ABOUT THIS EXERCISE:
Return, exactly as written, every line from the first line of the data below through the line that contains "Streamlines 10m GFS Fr 27.09.2024 12 UTC".

[Opening DATASET EXCERPTS section]

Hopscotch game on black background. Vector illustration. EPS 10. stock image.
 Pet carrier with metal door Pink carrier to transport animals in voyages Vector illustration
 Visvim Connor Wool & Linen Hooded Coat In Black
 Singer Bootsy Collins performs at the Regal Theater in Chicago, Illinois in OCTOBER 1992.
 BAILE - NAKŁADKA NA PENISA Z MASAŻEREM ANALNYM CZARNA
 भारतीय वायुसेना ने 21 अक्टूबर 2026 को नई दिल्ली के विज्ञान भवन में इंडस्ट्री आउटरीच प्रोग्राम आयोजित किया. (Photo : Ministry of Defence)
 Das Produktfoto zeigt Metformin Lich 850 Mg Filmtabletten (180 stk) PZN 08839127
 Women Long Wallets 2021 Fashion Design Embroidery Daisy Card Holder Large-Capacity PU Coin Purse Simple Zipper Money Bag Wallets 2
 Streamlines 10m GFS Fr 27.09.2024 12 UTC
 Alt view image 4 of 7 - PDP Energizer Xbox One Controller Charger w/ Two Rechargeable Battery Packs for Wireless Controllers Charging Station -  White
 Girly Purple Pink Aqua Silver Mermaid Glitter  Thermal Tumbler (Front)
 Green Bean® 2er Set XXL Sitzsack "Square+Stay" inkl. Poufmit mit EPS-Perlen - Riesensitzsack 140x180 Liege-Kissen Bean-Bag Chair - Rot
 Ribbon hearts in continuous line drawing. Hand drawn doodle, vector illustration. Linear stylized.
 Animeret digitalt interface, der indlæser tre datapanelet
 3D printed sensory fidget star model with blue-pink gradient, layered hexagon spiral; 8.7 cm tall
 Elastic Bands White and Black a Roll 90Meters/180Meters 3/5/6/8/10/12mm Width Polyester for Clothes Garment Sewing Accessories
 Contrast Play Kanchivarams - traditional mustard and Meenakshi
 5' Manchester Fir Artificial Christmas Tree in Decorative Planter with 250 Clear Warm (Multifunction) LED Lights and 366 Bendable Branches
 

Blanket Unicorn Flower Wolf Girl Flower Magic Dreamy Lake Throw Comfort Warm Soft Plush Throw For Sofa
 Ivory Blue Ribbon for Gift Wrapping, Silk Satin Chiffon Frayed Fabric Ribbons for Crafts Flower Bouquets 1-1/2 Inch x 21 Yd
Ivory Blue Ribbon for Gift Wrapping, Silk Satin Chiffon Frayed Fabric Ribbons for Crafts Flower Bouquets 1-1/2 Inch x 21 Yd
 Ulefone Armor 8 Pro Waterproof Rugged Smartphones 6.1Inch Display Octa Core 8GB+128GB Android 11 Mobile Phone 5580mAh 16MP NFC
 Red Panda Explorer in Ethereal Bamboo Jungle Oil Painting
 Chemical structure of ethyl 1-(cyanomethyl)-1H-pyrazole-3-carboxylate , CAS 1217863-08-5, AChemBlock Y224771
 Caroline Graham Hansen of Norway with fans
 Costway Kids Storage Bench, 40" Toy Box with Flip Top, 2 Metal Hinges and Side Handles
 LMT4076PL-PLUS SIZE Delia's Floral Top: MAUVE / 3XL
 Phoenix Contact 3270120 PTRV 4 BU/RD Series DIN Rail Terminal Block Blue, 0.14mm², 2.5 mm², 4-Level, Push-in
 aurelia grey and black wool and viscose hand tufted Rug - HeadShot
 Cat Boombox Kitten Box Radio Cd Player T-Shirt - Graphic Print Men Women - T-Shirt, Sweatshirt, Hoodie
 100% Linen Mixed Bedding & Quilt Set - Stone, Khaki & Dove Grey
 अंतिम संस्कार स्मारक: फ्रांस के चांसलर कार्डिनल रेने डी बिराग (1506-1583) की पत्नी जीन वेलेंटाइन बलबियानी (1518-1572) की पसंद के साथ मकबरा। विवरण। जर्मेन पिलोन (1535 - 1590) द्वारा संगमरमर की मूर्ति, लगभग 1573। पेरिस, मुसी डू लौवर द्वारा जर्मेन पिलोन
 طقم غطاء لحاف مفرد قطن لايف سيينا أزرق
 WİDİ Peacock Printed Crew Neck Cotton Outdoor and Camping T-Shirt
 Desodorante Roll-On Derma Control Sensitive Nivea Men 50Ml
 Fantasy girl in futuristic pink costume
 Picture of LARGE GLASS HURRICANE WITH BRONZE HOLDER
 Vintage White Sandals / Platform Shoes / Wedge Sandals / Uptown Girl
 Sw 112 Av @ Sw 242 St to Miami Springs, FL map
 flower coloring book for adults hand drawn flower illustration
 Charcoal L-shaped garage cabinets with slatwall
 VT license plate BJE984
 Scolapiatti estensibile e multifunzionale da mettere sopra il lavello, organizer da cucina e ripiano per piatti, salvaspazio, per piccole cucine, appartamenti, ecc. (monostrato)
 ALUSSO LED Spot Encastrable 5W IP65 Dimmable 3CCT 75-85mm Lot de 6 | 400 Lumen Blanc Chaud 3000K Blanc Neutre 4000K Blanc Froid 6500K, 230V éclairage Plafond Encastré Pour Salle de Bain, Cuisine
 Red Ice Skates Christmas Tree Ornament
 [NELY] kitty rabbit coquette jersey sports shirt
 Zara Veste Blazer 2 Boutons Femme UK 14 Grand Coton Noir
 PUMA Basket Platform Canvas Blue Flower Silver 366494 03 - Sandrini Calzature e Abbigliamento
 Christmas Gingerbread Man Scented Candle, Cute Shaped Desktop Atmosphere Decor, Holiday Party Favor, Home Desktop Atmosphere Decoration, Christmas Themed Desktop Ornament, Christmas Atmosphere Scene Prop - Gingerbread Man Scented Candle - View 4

[Closing DATASET EXCERPTS section]

EXERCISE OUTPUT:
Hopscotch game on black background. Vector illustration. EPS 10. stock image.
 Pet carrier with metal door Pink carrier to transport animals in voyages Vector illustration
 Visvim Connor Wool & Linen Hooded Coat In Black
 Singer Bootsy Collins performs at the Regal Theater in Chicago, Illinois in OCTOBER 1992.
 BAILE - NAKŁADKA NA PENISA Z MASAŻEREM ANALNYM CZARNA
 भारतीय वायुसेना ने 21 अक्टूबर 2026 को नई दिल्ली के विज्ञान भवन में इंडस्ट्री आउटरीच प्रोग्राम आयोजित किया. (Photo : Ministry of Defence)
 Das Produktfoto zeigt Metformin Lich 850 Mg Filmtabletten (180 stk) PZN 08839127
 Women Long Wallets 2021 Fashion Design Embroidery Daisy Card Holder Large-Capacity PU Coin Purse Simple Zipper Money Bag Wallets 2
 Streamlines 10m GFS Fr 27.09.2024 12 UTC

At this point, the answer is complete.